L’anno prossimo, a Gerusalemme
Hashana haba’a b’Yrushalayim (השנה הבאה בירושלים), ovvero L’anno prossimo a Gerusalemme è la promessa che ci si scambia durante la Pasqua ebraica.
E’ una promessa dolce: quest’anno, siamo in esilio ma l’anno prossimo il nostro Dio ci consentirà di essere nuovamente a casa.
E’ anche una promessa intimamente antisionista: Gerusalemme può essere solo un dono di Dio, non la si può conquistare con le armi o con la costruzione degli insediamenti.
Soprattutto, è una promessa sconfitta.
La si pronuncia sapendo benissimo che l’anno prossimo non saremo a Gerusalemme.
Che il giorno in cui saremo a Gerusalemme non appartiene alla nostra vita.
E forse non si spera nemmeno di essere l’anno prossimo a Gerusalemme: l’esilio ha i suoi vantaggi e la nostalgia è uno di questi.
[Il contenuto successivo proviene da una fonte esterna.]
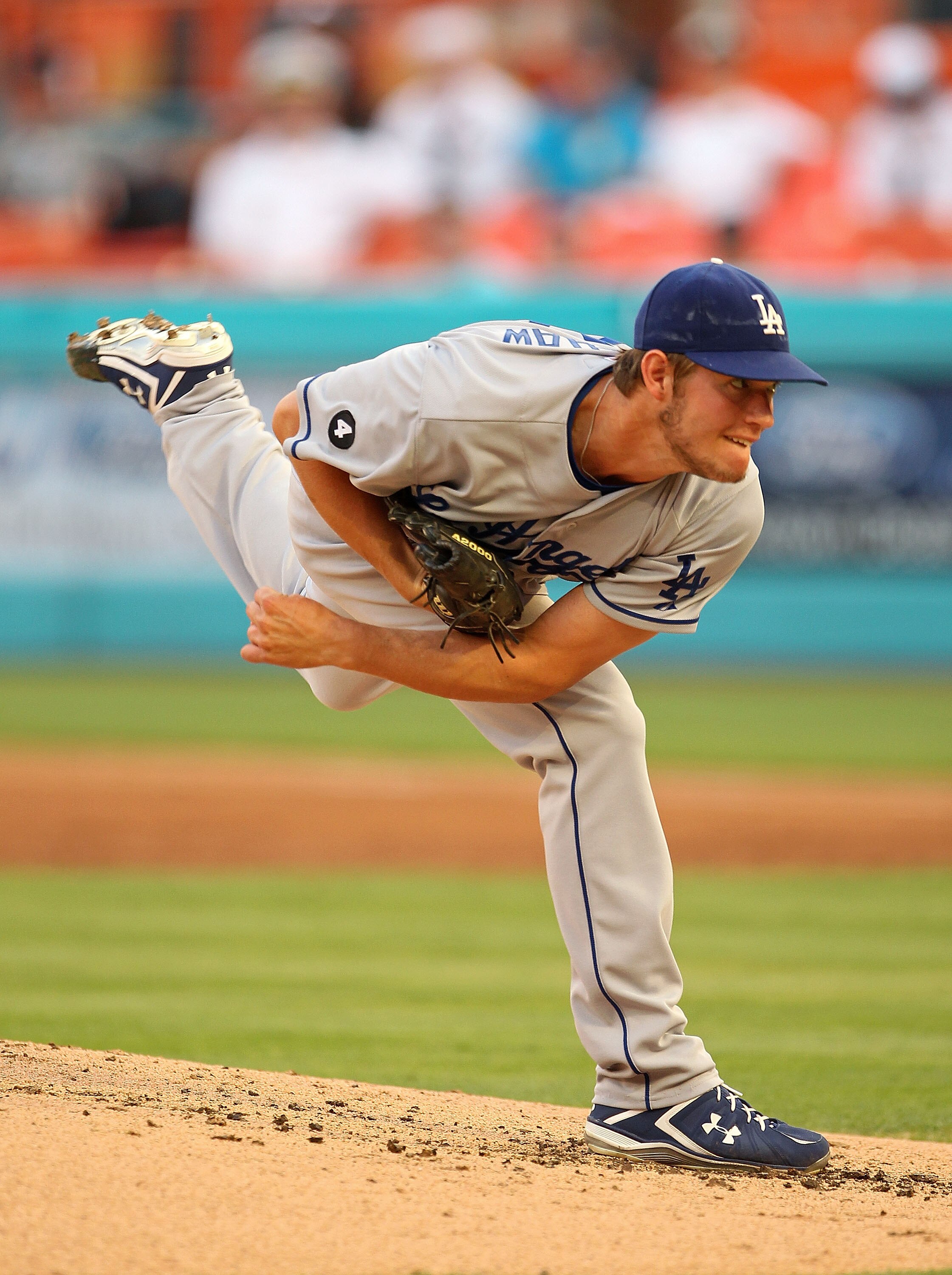 MIAMI GARDENS, FL - APRIL 26:  Clayton Kershaw #22 of the Los Angeles Dodgers pitches during a game against the Florida Marlins at Sun Life Stadium on April 26, 2011 in Miami Gardens, Florida.  (Photo by Mike Ehrmann/Getty Images)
In ogni caso, fa pensare alla quantità di promesse sconfitte che ci si scambiano.
Dalle regate: L’anno prossimo mi iscrivo al campionato invernale, agli amici di infanzia: A settembre, organizziamo una cena con tutti i compagni di classe delle elementari, per finire con il matrimonio, che raramente non si logora.
C’è solo una promessa in cui non si vorrebbe mai essere sconfitti.
Quella che si fa ad un figlio quando lo si vede per la prima volta.
Lì, essere sconfitti sarebbe davvero irrimediabile.